Foto: Ricardo Costa e Terezinha Pimenta
Mobilizadores COEP – Quais as principais dificuldades enfrentadas, hoje, pelo pequeno produtor brasileiro?
R.: São muitas e de diversas naturezas. Aquelas relacionadas à necessidade de criação e/ou adaptação da legislação vigente, e mesmo de criação de políticas públicas específicas, estão fora de sua governabilidade individual, dependem de ações coletivas, e, em alguns casos, de estudos mais aprofundados que permitam formular propostas que sejam realmente adequadas à realidade e aos interesses dos pequenos produtores brasileiros.
Mas há também as dificuldades sobre as quais podemos ajudar os produtores a tomar iniciativas no sentido de começar a superá-las. Ainda é frequente entre os grupos de produção, sejam da cidade ou do campo, a visão de que o que importa é a produção: trabalhar é produzir. A venda é para ser cuidada depois de o produto estar pronto. Isso era verdade no tempo em que se fazia produção visando principalmente ao autoconsumo – para venda só se mandava o excedente.

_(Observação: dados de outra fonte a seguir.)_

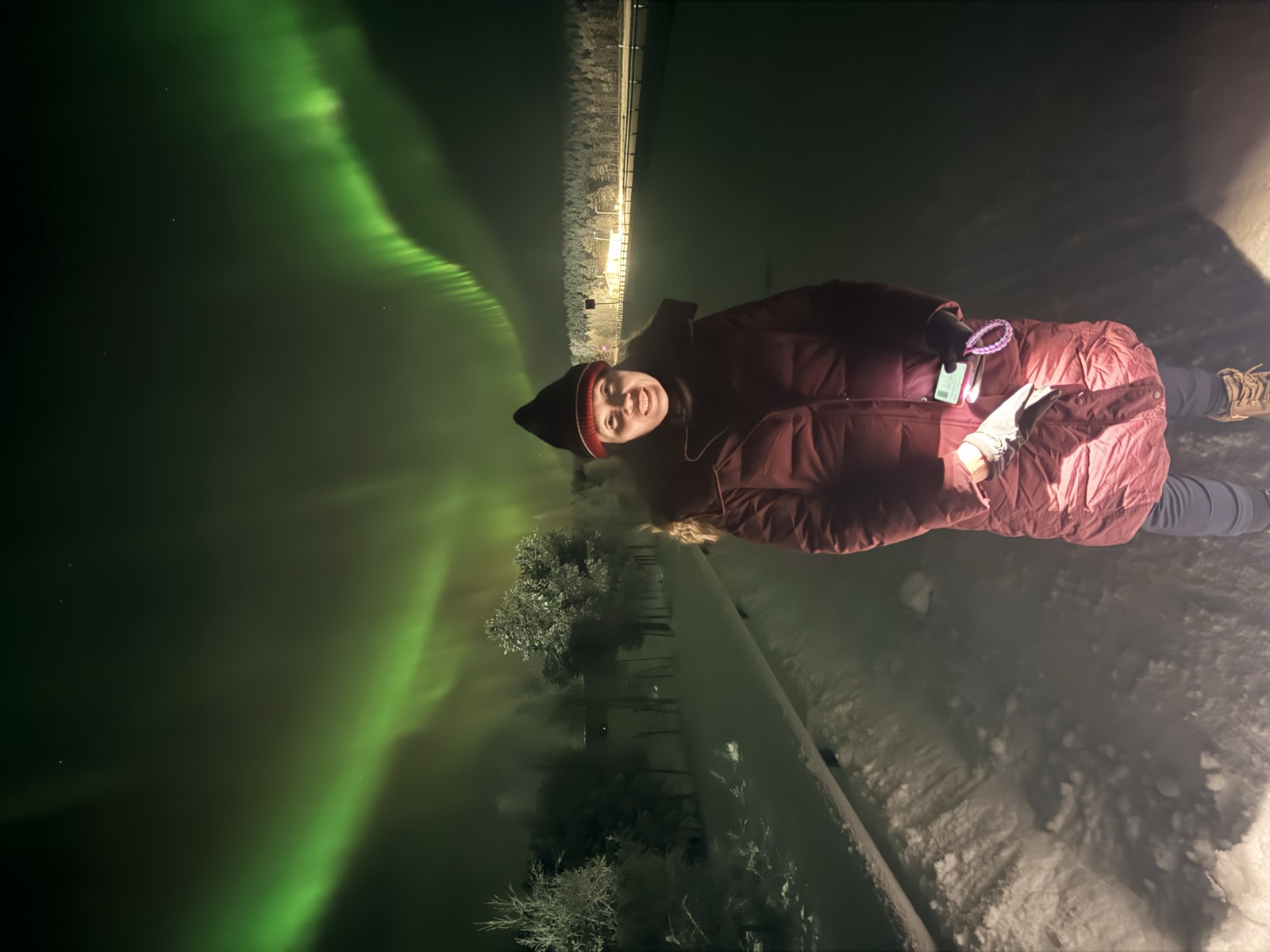 Northern Lights tour experience in Finnish Lapland — traveller photo 136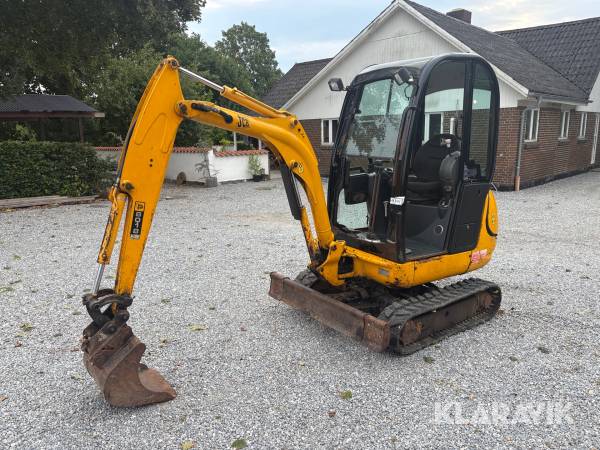 Minigraver JCB 8018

A realidade hoje é outra. A maioria destes grupos depende da venda de seus produtos para viver. Sendo assim, é preciso ter claro que o processo de produção só termina quando o produtor recebe o pagamento proveniente da venda de sua produção. A conclusão é que não basta saber produzir, é preciso saber vender também. Este é um campo no qual podemos ajudar os pequenos produtores.
Mobilizadores COEP – Em se tratando de produtos agrícolas, que características determinam um produto de boa qualidade?
R.: Aqui vai uma resposta aparentemente simplista, mas que dá uma ideia de como funciona a coisa. As características que determinam um produto de boa qualidade dependem do estágio que o produtor quer alcançar na cadeia comercial.
Explicando melhor: se o produtor se satisfaz com os preços pagos pelo comerciante local, mais comumente conhecido como atravessador, não há grande necessidade de se preocupar com qualidade. O atravessador quando compra, carrega praticamente tudo o que foi produzido ? e ganha dinheiro em cima desta carregação ? porque sabe como proceder.
Em contrapartida, se o produtor quer receber um preço melhor, ele tem de sair em busca de outros compradores, e para isso deve procurar conhecer o mercado em que o atravessador vende. Digamos que vá visitar alguns atacadistas de uma cidade maior do que a dele. Nesse caso, ele terá que conhecer quais são as exigências que estes atacadistas fazem e que permitem pagar esse preço melhor. Ou seja, o produtor tem que aprender o que o atravessador já sabe.
A primeira destas exigências é a classificação dos produtos. Existem diversos tipos de classificação. Cada produto, com suas características próprias, deve ser classificado de alguma forma, seja por tamanho, cor, grau de amadurecimento, etc.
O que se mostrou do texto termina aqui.